:: Exercise details ::
Lines from the top of the entries down to the line with "Mens 32x32 Boohoo Man Grey Jeans" must be set down exactly as they stand, with both ends retained.

:: Data listing ::
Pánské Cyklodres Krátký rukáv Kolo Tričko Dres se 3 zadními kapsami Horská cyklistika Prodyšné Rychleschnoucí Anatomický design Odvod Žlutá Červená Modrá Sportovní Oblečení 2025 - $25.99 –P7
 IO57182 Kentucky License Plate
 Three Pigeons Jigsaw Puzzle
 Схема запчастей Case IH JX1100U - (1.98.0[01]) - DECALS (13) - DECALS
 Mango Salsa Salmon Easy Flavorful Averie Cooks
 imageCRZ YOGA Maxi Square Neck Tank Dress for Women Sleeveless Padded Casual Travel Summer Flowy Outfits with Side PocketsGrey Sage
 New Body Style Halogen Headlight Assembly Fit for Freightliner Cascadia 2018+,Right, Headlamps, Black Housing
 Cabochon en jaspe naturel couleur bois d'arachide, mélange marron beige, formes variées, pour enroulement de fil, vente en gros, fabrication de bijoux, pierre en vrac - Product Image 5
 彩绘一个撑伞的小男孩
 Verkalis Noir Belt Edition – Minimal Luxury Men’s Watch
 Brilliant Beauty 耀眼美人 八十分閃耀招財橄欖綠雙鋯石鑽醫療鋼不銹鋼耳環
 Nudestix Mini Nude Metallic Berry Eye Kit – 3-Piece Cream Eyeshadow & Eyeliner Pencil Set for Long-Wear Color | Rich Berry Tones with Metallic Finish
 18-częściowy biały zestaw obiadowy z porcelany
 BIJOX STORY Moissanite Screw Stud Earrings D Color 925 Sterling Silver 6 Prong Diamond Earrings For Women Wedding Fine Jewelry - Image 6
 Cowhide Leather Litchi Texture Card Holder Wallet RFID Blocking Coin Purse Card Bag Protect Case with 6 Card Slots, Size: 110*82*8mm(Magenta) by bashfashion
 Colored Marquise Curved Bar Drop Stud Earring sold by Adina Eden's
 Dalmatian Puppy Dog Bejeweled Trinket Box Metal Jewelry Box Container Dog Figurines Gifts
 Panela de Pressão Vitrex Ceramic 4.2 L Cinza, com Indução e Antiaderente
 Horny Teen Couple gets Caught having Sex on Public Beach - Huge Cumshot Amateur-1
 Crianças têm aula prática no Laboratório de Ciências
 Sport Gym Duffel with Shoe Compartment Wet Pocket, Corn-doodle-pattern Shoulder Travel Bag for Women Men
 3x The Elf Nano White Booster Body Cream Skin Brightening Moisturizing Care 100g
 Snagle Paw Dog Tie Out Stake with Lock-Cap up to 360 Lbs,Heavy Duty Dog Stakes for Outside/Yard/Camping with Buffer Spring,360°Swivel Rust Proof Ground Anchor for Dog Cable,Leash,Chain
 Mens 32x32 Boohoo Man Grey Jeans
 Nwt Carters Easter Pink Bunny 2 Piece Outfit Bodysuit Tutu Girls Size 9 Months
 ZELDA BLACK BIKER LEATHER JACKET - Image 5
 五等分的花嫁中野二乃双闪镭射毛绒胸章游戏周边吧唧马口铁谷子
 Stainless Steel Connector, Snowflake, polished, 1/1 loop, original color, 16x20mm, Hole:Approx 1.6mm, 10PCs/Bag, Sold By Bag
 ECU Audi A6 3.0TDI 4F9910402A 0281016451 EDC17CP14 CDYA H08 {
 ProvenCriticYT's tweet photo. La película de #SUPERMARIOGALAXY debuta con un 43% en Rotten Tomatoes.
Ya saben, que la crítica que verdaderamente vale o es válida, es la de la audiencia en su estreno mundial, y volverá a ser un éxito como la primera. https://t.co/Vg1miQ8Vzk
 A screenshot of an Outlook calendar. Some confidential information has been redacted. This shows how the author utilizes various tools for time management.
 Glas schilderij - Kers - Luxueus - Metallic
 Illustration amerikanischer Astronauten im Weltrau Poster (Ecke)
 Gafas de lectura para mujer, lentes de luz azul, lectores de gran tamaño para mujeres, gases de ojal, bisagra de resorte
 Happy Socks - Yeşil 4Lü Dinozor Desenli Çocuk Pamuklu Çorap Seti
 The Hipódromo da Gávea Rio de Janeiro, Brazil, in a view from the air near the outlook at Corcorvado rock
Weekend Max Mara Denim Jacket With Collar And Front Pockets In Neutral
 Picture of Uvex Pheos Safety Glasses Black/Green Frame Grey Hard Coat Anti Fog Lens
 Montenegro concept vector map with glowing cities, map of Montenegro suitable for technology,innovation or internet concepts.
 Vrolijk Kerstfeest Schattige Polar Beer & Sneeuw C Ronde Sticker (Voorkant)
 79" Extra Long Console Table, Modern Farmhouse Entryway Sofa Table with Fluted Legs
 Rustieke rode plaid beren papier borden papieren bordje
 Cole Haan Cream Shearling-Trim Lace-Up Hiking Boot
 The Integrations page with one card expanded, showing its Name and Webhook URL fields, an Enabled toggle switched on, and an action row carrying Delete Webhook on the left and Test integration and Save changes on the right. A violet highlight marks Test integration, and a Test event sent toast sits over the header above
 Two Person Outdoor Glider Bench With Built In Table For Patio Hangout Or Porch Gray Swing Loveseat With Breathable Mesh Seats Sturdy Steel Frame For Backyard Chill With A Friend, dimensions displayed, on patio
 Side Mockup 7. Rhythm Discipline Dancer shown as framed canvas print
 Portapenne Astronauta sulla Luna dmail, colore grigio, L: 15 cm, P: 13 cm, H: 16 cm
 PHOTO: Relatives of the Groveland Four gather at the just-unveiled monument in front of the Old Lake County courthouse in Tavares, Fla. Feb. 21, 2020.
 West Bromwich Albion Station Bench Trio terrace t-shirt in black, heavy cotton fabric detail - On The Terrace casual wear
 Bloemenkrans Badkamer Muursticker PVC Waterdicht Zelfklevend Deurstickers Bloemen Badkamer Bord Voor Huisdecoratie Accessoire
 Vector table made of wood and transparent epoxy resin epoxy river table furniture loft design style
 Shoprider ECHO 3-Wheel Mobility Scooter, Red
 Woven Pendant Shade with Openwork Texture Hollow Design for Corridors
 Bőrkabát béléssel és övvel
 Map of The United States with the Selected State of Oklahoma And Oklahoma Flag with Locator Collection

:: Expected answer ::
Pánské Cyklodres Krátký rukáv Kolo Tričko Dres se 3 zadními kapsami Horská cyklistika Prodyšné Rychleschnoucí Anatomický design Odvod Žlutá Červená Modrá Sportovní Oblečení 2025 - $25.99 –P7
 IO57182 Kentucky License Plate
 Three Pigeons Jigsaw Puzzle
 Схема запчастей Case IH JX1100U - (1.98.0[01]) - DECALS (13) - DECALS
 Mango Salsa Salmon Easy Flavorful Averie Cooks
 imageCRZ YOGA Maxi Square Neck Tank Dress for Women Sleeveless Padded Casual Travel Summer Flowy Outfits with Side PocketsGrey Sage
 New Body Style Halogen Headlight Assembly Fit for Freightliner Cascadia 2018+,Right, Headlamps, Black Housing
 Cabochon en jaspe naturel couleur bois d'arachide, mélange marron beige, formes variées, pour enroulement de fil, vente en gros, fabrication de bijoux, pierre en vrac - Product Image 5
 彩绘一个撑伞的小男孩
 Verkalis Noir Belt Edition – Minimal Luxury Men’s Watch
 Brilliant Beauty 耀眼美人 八十分閃耀招財橄欖綠雙鋯石鑽醫療鋼不銹鋼耳環
 Nudestix Mini Nude Metallic Berry Eye Kit – 3-Piece Cream Eyeshadow & Eyeliner Pencil Set for Long-Wear Color | Rich Berry Tones with Metallic Finish
 18-częściowy biały zestaw obiadowy z porcelany
 BIJOX STORY Moissanite Screw Stud Earrings D Color 925 Sterling Silver 6 Prong Diamond Earrings For Women Wedding Fine Jewelry - Image 6
 Cowhide Leather Litchi Texture Card Holder Wallet RFID Blocking Coin Purse Card Bag Protect Case with 6 Card Slots, Size: 110*82*8mm(Magenta) by bashfashion
 Colored Marquise Curved Bar Drop Stud Earring sold by Adina Eden's
 Dalmatian Puppy Dog Bejeweled Trinket Box Metal Jewelry Box Container Dog Figurines Gifts
 Panela de Pressão Vitrex Ceramic 4.2 L Cinza, com Indução e Antiaderente
 Horny Teen Couple gets Caught having Sex on Public Beach - Huge Cumshot Amateur-1
 Crianças têm aula prática no Laboratório de Ciências
 Sport Gym Duffel with Shoe Compartment Wet Pocket, Corn-doodle-pattern Shoulder Travel Bag for Women Men
 3x The Elf Nano White Booster Body Cream Skin Brightening Moisturizing Care 100g
 Snagle Paw Dog Tie Out Stake with Lock-Cap up to 360 Lbs,Heavy Duty Dog Stakes for Outside/Yard/Camping with Buffer Spring,360°Swivel Rust Proof Ground Anchor for Dog Cable,Leash,Chain
 Mens 32x32 Boohoo Man Grey Jeans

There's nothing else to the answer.